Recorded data
::::::::

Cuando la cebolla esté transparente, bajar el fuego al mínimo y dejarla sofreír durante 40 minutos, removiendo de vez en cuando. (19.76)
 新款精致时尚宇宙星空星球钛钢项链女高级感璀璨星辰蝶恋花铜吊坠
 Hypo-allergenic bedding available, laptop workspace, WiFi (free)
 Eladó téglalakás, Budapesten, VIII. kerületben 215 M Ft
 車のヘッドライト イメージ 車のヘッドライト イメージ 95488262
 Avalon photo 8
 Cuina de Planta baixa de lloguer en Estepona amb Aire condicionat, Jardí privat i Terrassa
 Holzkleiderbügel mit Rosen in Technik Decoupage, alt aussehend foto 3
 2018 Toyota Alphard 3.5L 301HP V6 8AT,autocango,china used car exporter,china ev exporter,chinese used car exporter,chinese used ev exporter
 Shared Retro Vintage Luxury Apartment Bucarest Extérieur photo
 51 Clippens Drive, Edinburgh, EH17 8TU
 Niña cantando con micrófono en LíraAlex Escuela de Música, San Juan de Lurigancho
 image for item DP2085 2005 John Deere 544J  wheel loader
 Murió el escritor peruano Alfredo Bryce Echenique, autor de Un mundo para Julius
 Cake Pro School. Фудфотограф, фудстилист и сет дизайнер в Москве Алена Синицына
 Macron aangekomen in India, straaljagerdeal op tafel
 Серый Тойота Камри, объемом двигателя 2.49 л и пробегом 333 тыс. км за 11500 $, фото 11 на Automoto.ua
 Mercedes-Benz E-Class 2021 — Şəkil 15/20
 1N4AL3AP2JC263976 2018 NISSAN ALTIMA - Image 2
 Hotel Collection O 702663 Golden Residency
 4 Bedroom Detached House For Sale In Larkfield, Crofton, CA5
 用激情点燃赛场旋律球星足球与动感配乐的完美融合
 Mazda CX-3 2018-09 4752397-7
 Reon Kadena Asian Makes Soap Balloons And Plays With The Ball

::::::::

● **WHAT IS NEEDED**: Reproduce every record above, word for word.

● **EXERCISE RESPONSE**:
Cuando la cebolla esté transparente, bajar el fuego al mínimo y dejarla sofreír durante 40 minutos, removiendo de vez en cuando. (19.76)
 新款精致时尚宇宙星空星球钛钢项链女高级感璀璨星辰蝶恋花铜吊坠
 Hypo-allergenic bedding available, laptop workspace, WiFi (free)
 Eladó téglalakás, Budapesten, VIII. kerületben 215 M Ft
 車のヘッドライト イメージ 車のヘッドライト イメージ 95488262
 Avalon photo 8
 Cuina de Planta baixa de lloguer en Estepona amb Aire condicionat, Jardí privat i Terrassa
 Holzkleiderbügel mit Rosen in Technik Decoupage, alt aussehend foto 3
 2018 Toyota Alphard 3.5L 301HP V6 8AT,autocango,china used car exporter,china ev exporter,chinese used car exporter,chinese used ev exporter
 Shared Retro Vintage Luxury Apartment Bucarest Extérieur photo
 51 Clippens Drive, Edinburgh, EH17 8TU
 Niña cantando con micrófono en LíraAlex Escuela de Música, San Juan de Lurigancho
 image for item DP2085 2005 John Deere 544J  wheel loader
 Murió el escritor peruano Alfredo Bryce Echenique, autor de Un mundo para Julius
 Cake Pro School. Фудфотограф, фудстилист и сет дизайнер в Москве Алена Синицына
 Macron aangekomen in India, straaljagerdeal op tafel
 Серый Тойота Камри, объемом двигателя 2.49 л и пробегом 333 тыс. км за 11500 $, фото 11 на Automoto.ua
 Mercedes-Benz E-Class 2021 — Şəkil 15/20
 1N4AL3AP2JC263976 2018 NISSAN ALTIMA - Image 2
 Hotel Collection O 702663 Golden Residency
 4 Bedroom Detached House For Sale In Larkfield, Crofton, CA5
 用激情点燃赛场旋律球星足球与动感配乐的完美融合
 Mazda CX-3 2018-09 4752397-7
 Reon Kadena Asian Makes Soap Balloons And Plays With The Ball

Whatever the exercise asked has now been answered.